Os pais da geração transgressora têm grande parcela de culpa. Choram os delitos que prosperaram no terreno fertilizado pelo egoísmo e pela omissão. Compensam a ausência com valores materiais. O delito é, frequentemente, um grito de carência afetiva. Algumas teorias no campo da educação, cultivadas em escolas que renunciaram à missão de educar, estão apresentando seus resultados antissociais.
Uma legião de desajustados, crescida à sombra do dogma da educação não-traumatizante, está mostrando sua cara. A despersonalização da culpa e o anonimato da responsabilidade, características da psicologia acovardada, estão gerando mauricinhos do crime. O saldo da educação permissiva é uma geração desnorteada, desfibrada, incapacitada para assumir seu papel na comunidade.

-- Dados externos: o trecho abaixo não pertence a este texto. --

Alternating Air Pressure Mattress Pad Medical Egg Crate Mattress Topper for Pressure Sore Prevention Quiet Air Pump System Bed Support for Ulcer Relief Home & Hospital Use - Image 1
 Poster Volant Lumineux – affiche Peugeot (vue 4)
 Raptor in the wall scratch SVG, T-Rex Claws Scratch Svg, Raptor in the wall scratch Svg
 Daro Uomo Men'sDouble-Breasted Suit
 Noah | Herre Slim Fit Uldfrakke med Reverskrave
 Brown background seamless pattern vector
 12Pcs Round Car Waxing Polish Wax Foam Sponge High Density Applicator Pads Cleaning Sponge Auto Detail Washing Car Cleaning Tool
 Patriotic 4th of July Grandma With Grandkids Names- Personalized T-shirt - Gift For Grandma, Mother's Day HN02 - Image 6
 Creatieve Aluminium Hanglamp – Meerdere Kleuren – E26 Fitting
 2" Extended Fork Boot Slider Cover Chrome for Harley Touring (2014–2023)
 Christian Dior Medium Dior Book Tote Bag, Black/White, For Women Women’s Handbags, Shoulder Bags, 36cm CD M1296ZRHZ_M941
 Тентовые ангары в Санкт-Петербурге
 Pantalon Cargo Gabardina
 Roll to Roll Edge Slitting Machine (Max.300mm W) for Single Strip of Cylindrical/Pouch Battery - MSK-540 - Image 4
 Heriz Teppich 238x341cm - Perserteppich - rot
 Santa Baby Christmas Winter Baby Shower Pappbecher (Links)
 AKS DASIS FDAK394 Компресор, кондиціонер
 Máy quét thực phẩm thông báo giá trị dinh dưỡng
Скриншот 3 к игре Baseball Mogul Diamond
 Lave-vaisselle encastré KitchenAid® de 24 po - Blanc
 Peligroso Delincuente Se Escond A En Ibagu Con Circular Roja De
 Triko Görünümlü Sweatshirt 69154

A formação do caráter, compatível com um ambiente de tolerância e autêntica liberdade, começa a ganhar contornos de solução válida. É a sístole e a diástole da história. A pena é que tenhamos de pagar um preço tão alto para redescobrir o óbvio. Alguns setores da mídia, sobretudo a televisão, estão na outra ponta do problema. O culto à violência e a apresentação de aberrações num clima de normalidade são um convite diário à transgressão.
Algumas matérias de comportamento, carregadas de frivolidade, transmitem uma falsa visão da felicidade. Os conceitos de sacrifício e trabalho, pré-requisitos de uma vida digna, foram sendo substituídos pelo afã desmedido de dinheiro e pela glamourização da malandragem. O inchaço do ego e o emagrecimento da solidariedade estão na raiz de inúmeras patologias comportamentais.
O fecho destas considerações não é pessimista. Os problemas existem, mas não esgotam toda a realidade. Na verdade, outra juventude emerge dos escombros. Toda uma geração, perfilada em dados de várias pesquisas, está percorrendo um itinerário promissor. Notável é o entusiasmo dos adolescentes com inúmeras iniciativas no campo do voluntariado. O engajamento dos jovens na batalha da qualificação profissional é indiscutível.
Há, de fato, um Brasil real que está muito distante da imagem apregoada pelos pessimistas de sempre. Precisamos, não obstante a gravidade dos problemas, recuperar a autoestima. A imprensa que denuncia cumpre um papel ético. Mas, ao mesmo tempo, não deve confundir independência com incapacidade de dar boas notícias. Nossa função não é antinada, mas a favor da informação verdadeira. Por isso, o texto que denuncia a cruel desenvoltura do banditismo bem-nascido é o mesmo que registra o outro lado: o da esperança iluminada.